This project aims to identify bank customers who are likely to "churn" (leave the bank) by analyzing their demographic and financial profiles.
The notebook Churn_pipeline.ipynb follows a comprehensive data science workflow, from raw data ingestion to model performance evaluation. It utilizes the Churn_Modelling.csv dataset, which contains records of 10,000 customers.
The dataset includes several features that influence a customer's decision to stay or leave:
1-Customer Profiles : Age, Gender, Geography (France, Germany, Spain).
2-Financial Metrics: Credit Score, Bank Balance, Estimated Salary.
3-Bank Relationship: Tenure (years with bank), Number of products, Active membership status, and Credit card ownership.
4-Target Variable: Exited (1 if the customer left, 0 if they stayed).
The pipeline includes rigorous cleaning steps to ensure data quality: 1-Duplicate Removal: Identified and removed 2 duplicate entries.
2-Missing Values: Dropped rows with null values in critical columns like Geography and Age.
3-Feature Engineering:
-Categorical variables (Gender, Geography) were transformed using One-Hot Encoding.
-Numerical features (CreditScore, Age, Balance, EstimatedSalary) were normalized using StandardScaler to improve model convergence.
4-Data Split: The processed data was split into training and testing sets (typically 70/30).
-Several classification algorithms were trained and compared. The notebook highlights a significant class imbalance in the target variable, which affects certain model metrics like the F1-score.
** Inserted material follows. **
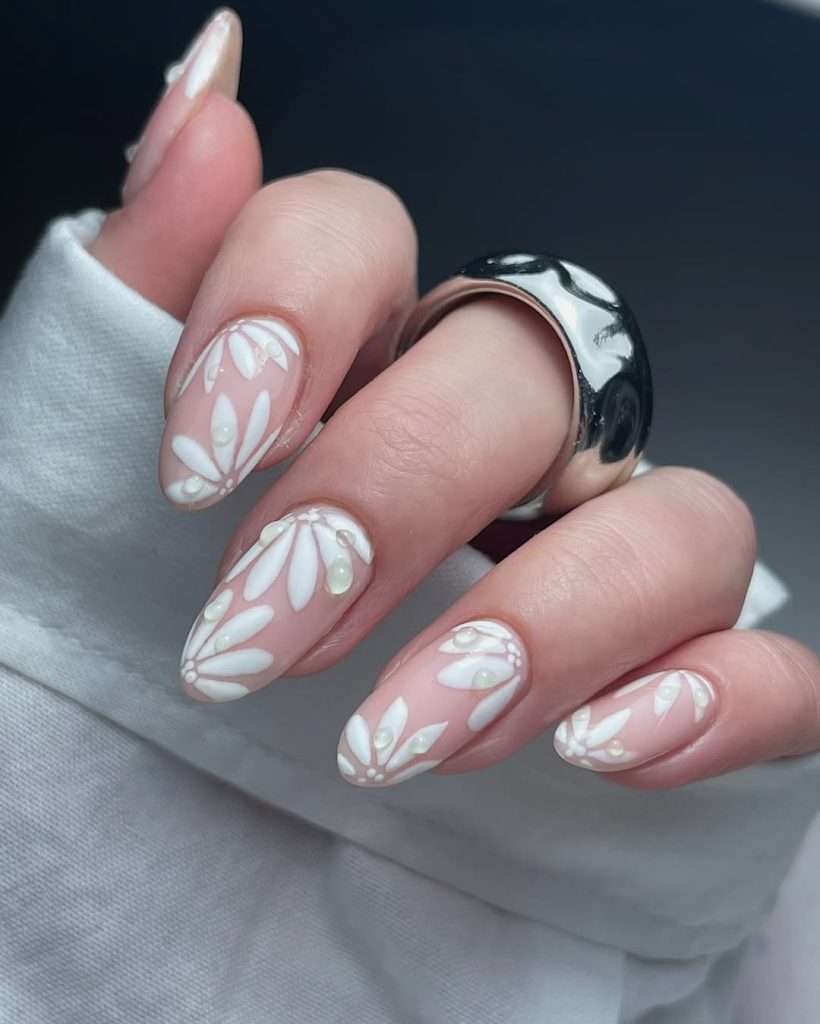 Long almond nails with nude base, white daisy flower designs and pearl decorations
Model---------------------Accuracy---------- ROC-AUC Score
Random Forest--------------0.89-----------------0.96
K-Nearest Neighbors--------0.85-----------------0.92
Decision Tree--------------0.75-----------------0.83
Gaussian Naive Bayes-------0.75-----------------0.82
Logistic Regression--------0.74-----------------0.81
Support Vector Machine-----0.74-----------------0.81
The Random Forest Classifier is the best-performing model in this pipeline, achieving the highest accuracy and the best ability to distinguish between churners and non-churners (indicated by the 0.96 ROC-AUC). While KNN performs well after tuning, simpler linear models like Logistic Regression struggle to capture the non-linear complexities in this specific dataset.